Non è certo meno importante per la vita della Chiesa in generale e per il bene delle anime l'attività giudiziale, anche essa facente parte del munus pascendi. A questo proposito vorrei soltanto ricordare la responsabilità che spetta al Vescovo diocesano di governare la Chiesa particolare affidatagli anche con la potestà giudiziaria (6). Per motivi di praticità, ma anche per meglio tutelare la figura del Vescovo quale Pastore, la disciplina canonica prevede la costituzione di un Vicario giudiziale con potestà ordinaria per giudicare e di un tribunale (7), ma rimane sempre il principio che il giudice di una diocesi è il Vescovo (8) e che "il Vicario giudiziale forma un unico tribunale con il Vescovo", e ciò per ragioni sostanziali di natura teologica. In altri termini, il Vescovo diocesano non può eludere la grave responsabilità che ha in questa delicata materia, appellandosi magari alla sua complicazione tecnica, ma deve tener sempre presente che i giudici esercitano una potestà di natura vicaria, cioè a nome suo, del Vescovo. Spetta dunque al Pastore diocesano vigilare affinché l'amministrazione della giustizia sia fatta a norma del diritto e curare che vengano formati e nominati per questo compito i necessari giudici.

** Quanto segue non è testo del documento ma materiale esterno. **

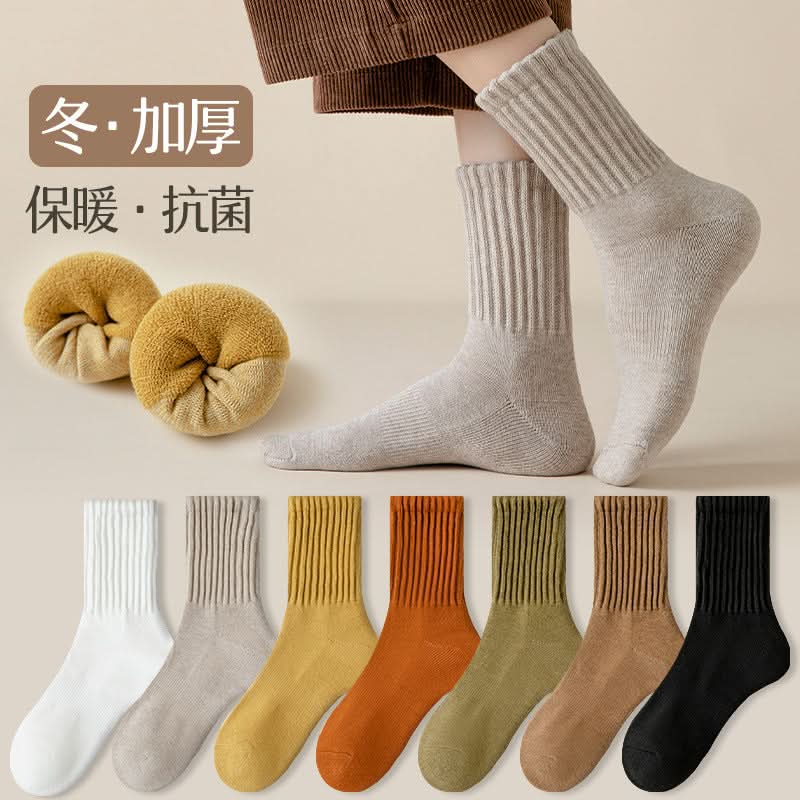 Women's Velvet Winter Socks - Mid-Tube Warmth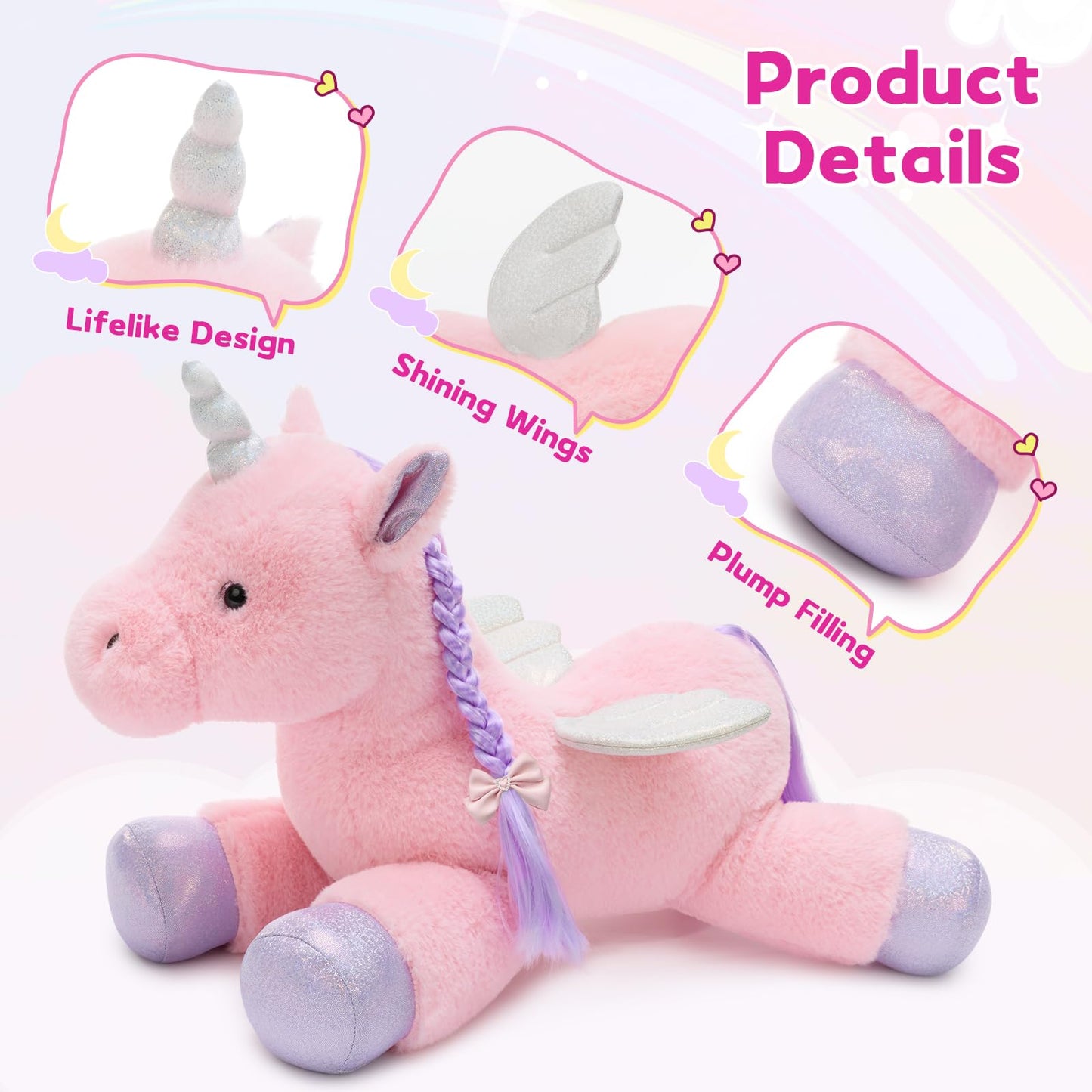 Tezituor Pink Unicorn Plush with Hair & Wings – 3 Babies Inside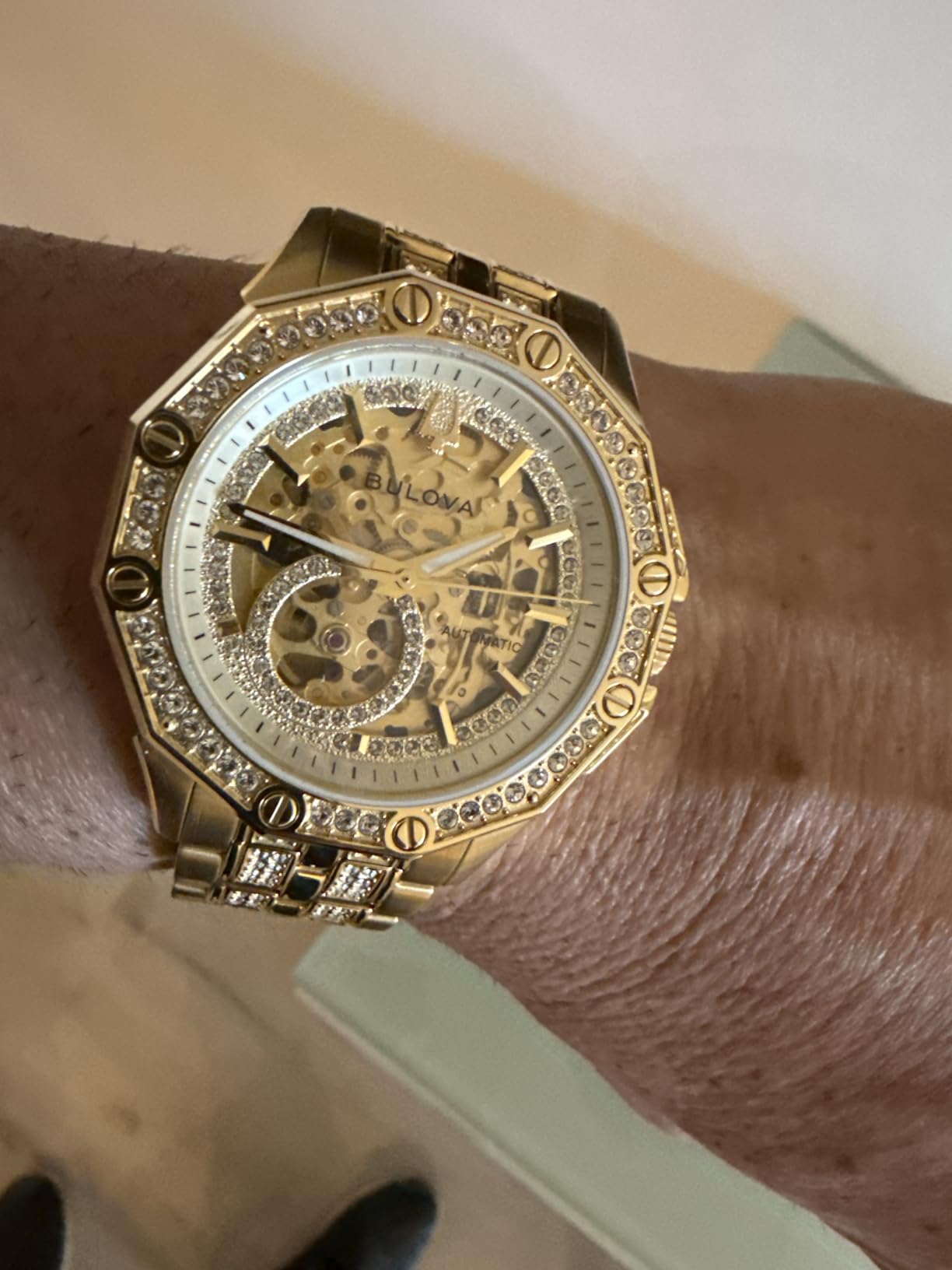 Bulova Octava Automatic Crystal Accent and Gold-Tone Bracelet Watch | 41.7mm | 98A292 customer photo 1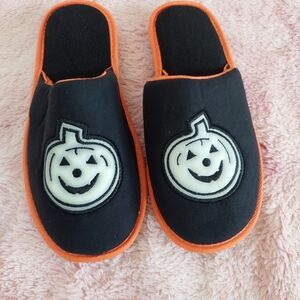 Halloween Jack-O-Lantern Slip-on Slippers Size 7/8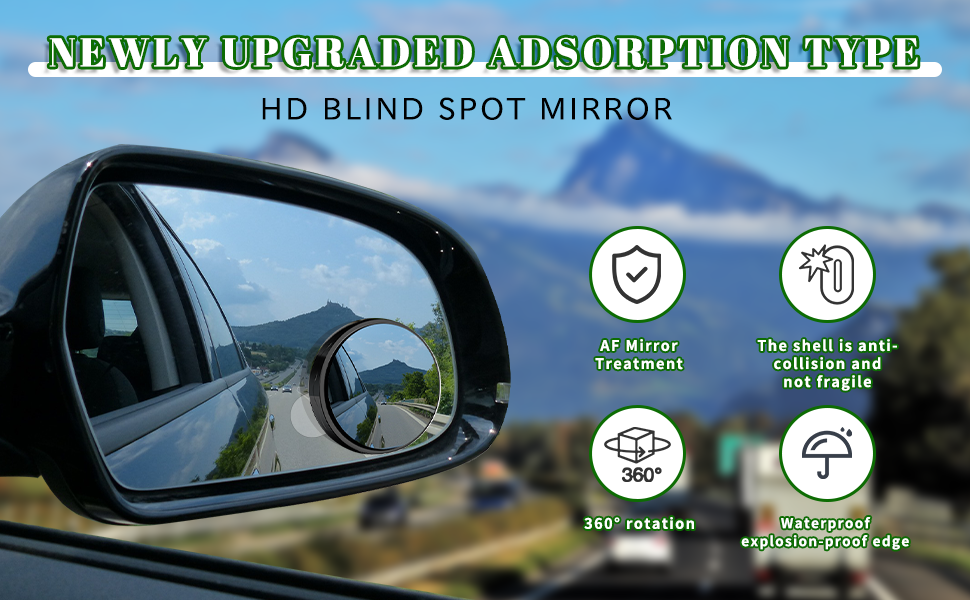Blind Spot Mirrors For Cars, Newly Upgraded Adsorption Type, High
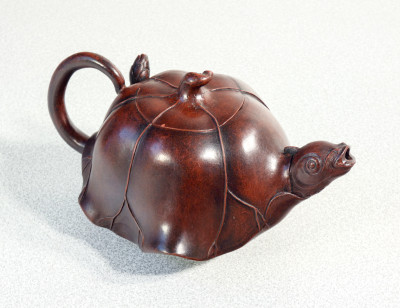 ?? TEIERA ZISHA YIXING CINA TERRACOTTA ARGILLA EPOCA TARTARUGA CLAY TEAPOT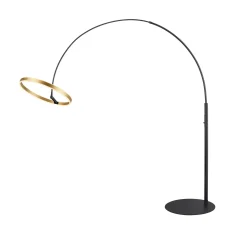 SLV LED-lattiavalaisin One Bow FL, musta/messinkinvärinen, teräs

Le sintetiche considerazioni testé proposte, sebbene evidenzino insieme ai molti aspetti positivi anche alcuni preoccupanti, costituiscono in realtà un richiamo alla responsabilità dei canonisti per far comprendere l'importanza del diritto - come ordine di giustizia e, perciò, primaria esigenza della carità - nella  vita  della  Chiesa.  Giovanni  Paolo II, il Legislatore del nuovo Corpus Iuris Canonici, ha ricordato che la giustizia non è soltanto "principio fondamentale dell'esistenza e della coesistenza degli uomini, come anche della comunità umana", ma è pure "principio dell'esistenza della Chiesa, quale Popolo di Dio" (9). In questa giustizia intraecclesiale, parte essenziale della caritas pastoralis, trova il suo perenne fondamento la "magna disciplina Ecclesiae", la cui tutela e promozione fu l'impegno preso dai due ultimi Papi nei loro rispettivi primi messaggi al mondo (10).


1) B. Giovanni XXIII, Discorso ai Cardinali radunati nella Basilica di san Paolo, 25-01-59, in AAS 51 (1959), p. 68.

2) Giovanni Paolo II, Cost. Apost. Sacræ Disciplinæ Leges, in AAS 75 (1983), Pars II, p. VIII.

3) Concilio Vaticano II, Lumen gentium, n. 20.

4) Ibidem, n. 27.

5) Dig. 1.3.17 (Celsus).

6) Cfr can. 391 1.

7) Cfr cann. 1420 a 1423.

8) Cfr can. 1419 1.

9) Allocuzione, 8-XI-1978, in Insegnamenti di Giovanni Paolo II, vol. 1 (1978), p. 109.

10) Cfr Giovanni Paolo II, Ad gravissimum munus, in AAS 70 (1978) p. 695; Id., Unum solummodo verbum, in ibidem, p. 924.